(Extracted records)

[Start of section]

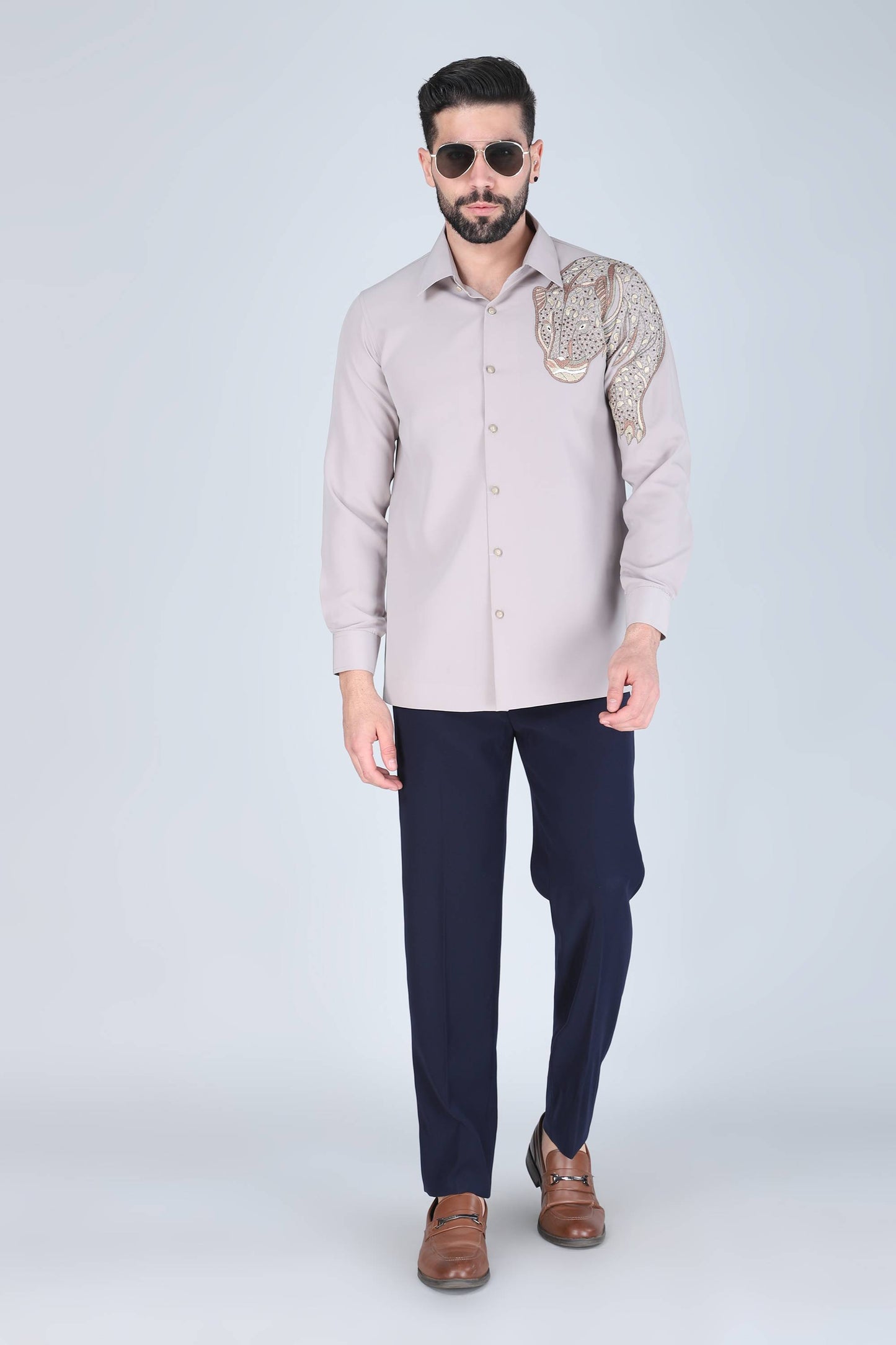 Light Grey Hand embroidered shirt for men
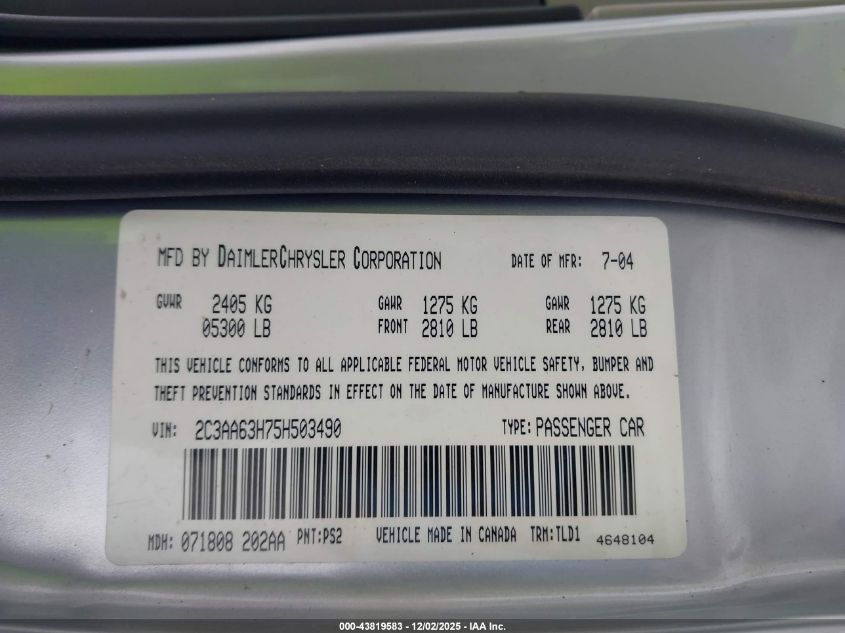 2005 Chrysler 300C VIN: 2C3AA63H75H503490 Lot: 43819583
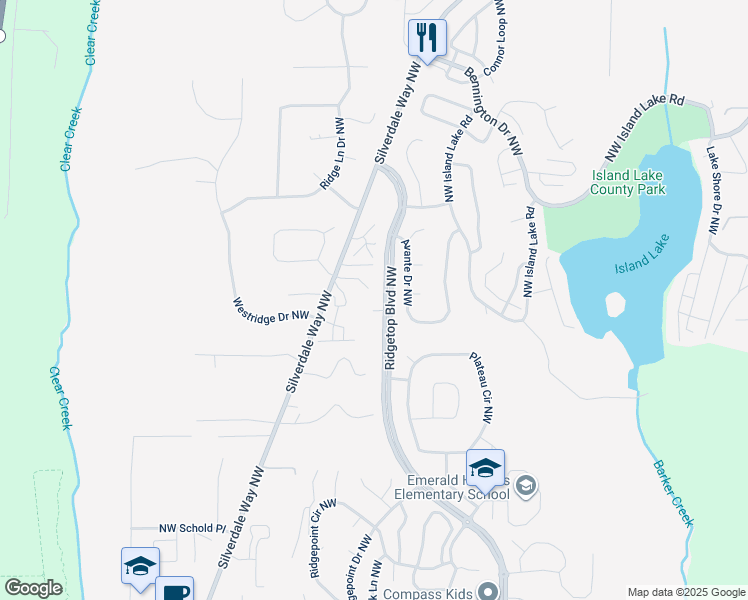 map of restaurants, bars, coffee shops, grocery stores, and more near 12896 Silverdale Way Northwest in Silverdale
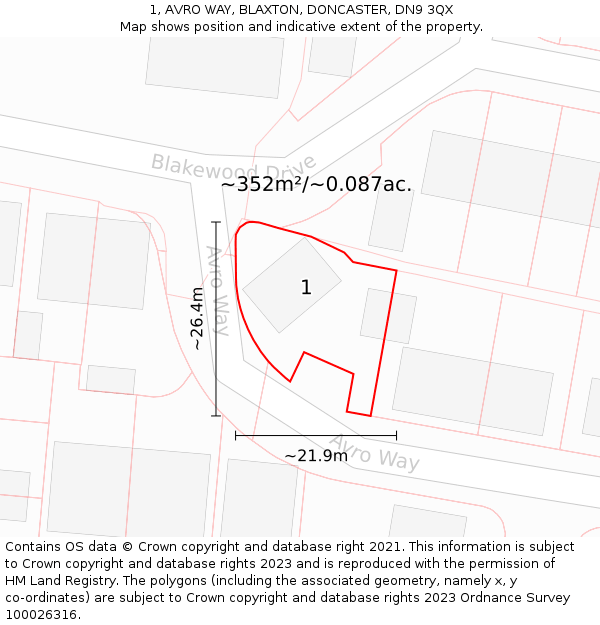 1, AVRO WAY, BLAXTON, DONCASTER, DN9 3QX: Plot and title map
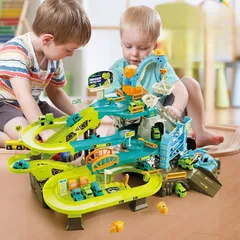 Bộ Đường đua khủng long kết hợp công trình xây dựng kèm 4 xe 2 khủng long có nhạc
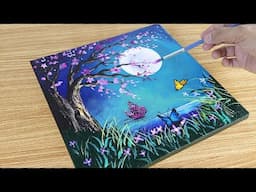 So Easy! Paint a Magical Full Moon Night – Acrylic Tutorial for Beginners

[End of section]

*About this task*.
Could the entries above be returned verbatim, with no pictures included?

*Task answer*.
 Light Grey Hand embroidered shirt for men
 2005 Chrysler 300C VIN: 2C3AA63H75H503490 Lot: 43819583
 map of restaurants, bars, coffee shops, grocery stores, and more near 12896 Silverdale Way Northwest in Silverdale
 1, AVRO WAY, BLAXTON, DONCASTER, DN9 3QX: Plot and title map
 Bộ Đường đua khủng long kết hợp công trình xây dựng kèm 4 xe 2 khủng long có nhạc
 So Easy! Paint a Magical Full Moon Night – Acrylic Tutorial for Beginners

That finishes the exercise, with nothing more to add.